» **Exercise requirements**: Go to the line containing "シャネル ジャケット ノーカラー" below; retype it and all following lines exactly, and leave out the pictures.

» **Input data**:
↓↓↓

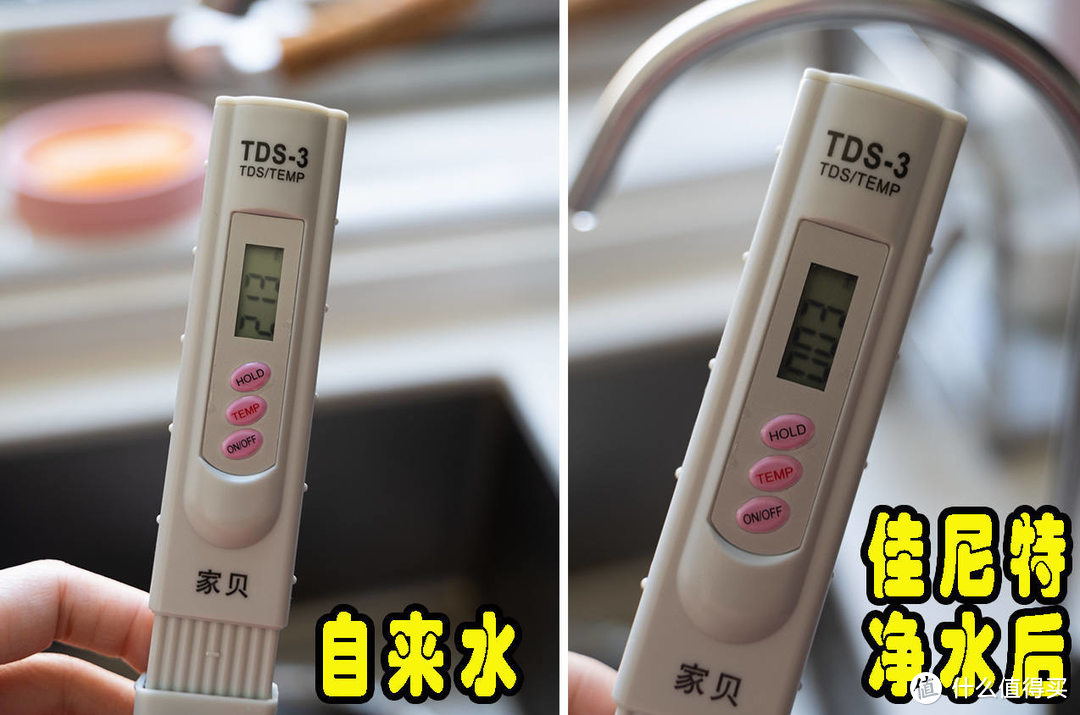 安心直饮，滤芯寿命高达三年？！佳尼特800G大白Pro净水器 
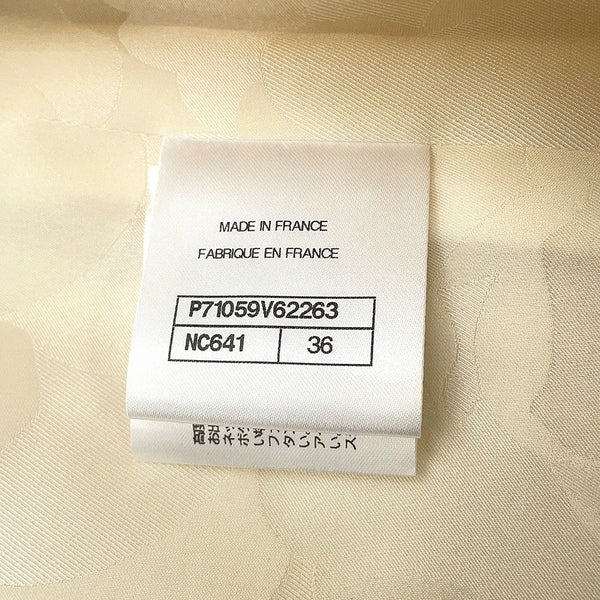 シャネル ジャケット ノーカラー ココボタン ジャカード ウール レディースサイズ36 P71059 CHANEL アウター 白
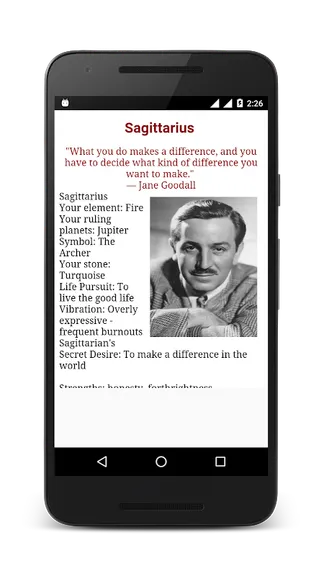 Скриншот 3/4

↑↑↑

» **Your response**:
 シャネル ジャケット ノーカラー ココボタン ジャカード ウール レディースサイズ36 P71059 CHANEL アウター 白
 Скриншот 3/4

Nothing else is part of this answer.